[TASK INPUT Boundary: Start]

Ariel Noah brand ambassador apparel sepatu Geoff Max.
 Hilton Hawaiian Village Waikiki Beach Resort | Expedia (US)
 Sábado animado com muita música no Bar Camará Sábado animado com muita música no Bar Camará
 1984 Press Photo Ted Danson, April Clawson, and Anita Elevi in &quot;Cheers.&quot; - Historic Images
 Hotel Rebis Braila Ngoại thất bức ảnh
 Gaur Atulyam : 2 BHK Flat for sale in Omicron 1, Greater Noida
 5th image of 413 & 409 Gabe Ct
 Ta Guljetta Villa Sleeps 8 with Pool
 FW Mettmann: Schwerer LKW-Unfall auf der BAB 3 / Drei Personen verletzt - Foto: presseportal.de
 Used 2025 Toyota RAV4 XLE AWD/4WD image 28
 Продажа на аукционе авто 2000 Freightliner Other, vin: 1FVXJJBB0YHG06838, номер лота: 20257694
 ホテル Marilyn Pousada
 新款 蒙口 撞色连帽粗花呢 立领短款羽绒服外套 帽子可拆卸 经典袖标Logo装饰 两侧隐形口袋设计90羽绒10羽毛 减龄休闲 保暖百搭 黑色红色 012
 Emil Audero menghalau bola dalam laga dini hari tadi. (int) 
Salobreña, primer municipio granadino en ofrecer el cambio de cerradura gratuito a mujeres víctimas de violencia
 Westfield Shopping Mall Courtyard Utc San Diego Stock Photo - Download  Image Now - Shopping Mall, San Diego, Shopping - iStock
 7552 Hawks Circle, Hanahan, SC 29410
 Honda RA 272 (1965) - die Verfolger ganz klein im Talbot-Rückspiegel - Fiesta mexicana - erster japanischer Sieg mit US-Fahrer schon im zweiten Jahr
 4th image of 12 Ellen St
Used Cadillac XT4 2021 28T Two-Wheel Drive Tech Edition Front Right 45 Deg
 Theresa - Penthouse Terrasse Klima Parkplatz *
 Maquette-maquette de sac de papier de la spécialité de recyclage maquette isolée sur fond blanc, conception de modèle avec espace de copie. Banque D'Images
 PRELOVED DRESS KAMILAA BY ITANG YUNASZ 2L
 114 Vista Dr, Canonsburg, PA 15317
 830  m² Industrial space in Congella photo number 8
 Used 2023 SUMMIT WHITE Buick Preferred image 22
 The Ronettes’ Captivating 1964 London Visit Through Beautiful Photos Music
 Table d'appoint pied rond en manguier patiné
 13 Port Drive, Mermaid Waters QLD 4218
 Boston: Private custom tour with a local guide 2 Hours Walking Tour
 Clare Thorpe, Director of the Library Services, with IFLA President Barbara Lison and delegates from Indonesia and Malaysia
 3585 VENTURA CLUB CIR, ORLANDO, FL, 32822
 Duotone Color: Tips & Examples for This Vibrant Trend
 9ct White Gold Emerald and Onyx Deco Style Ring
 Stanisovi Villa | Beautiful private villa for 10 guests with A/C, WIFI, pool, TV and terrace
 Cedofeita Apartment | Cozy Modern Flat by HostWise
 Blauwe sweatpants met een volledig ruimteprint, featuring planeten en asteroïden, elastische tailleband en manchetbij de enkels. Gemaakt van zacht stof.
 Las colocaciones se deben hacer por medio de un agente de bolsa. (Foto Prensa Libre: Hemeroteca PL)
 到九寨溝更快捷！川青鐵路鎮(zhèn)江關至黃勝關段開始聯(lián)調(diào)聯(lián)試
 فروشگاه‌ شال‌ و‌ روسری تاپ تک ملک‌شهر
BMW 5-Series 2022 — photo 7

[TASK INPUT Boundary: End]

### WHAT IS EXPECTED
Only the lines from the one containing "到九寨溝更快捷！川" through the end of the records above belong in the output, each exactly as it stands, both ends included.

### PROBLEM SOLUTION
 到九寨溝更快捷！川青鐵路鎮(zhèn)江關至黃勝關段開始聯(lián)調(diào)聯(lián)試
 فروشگاه‌ شال‌ و‌ روسری تاپ تک ملک‌شهر
BMW 5-Series 2022 — photo 7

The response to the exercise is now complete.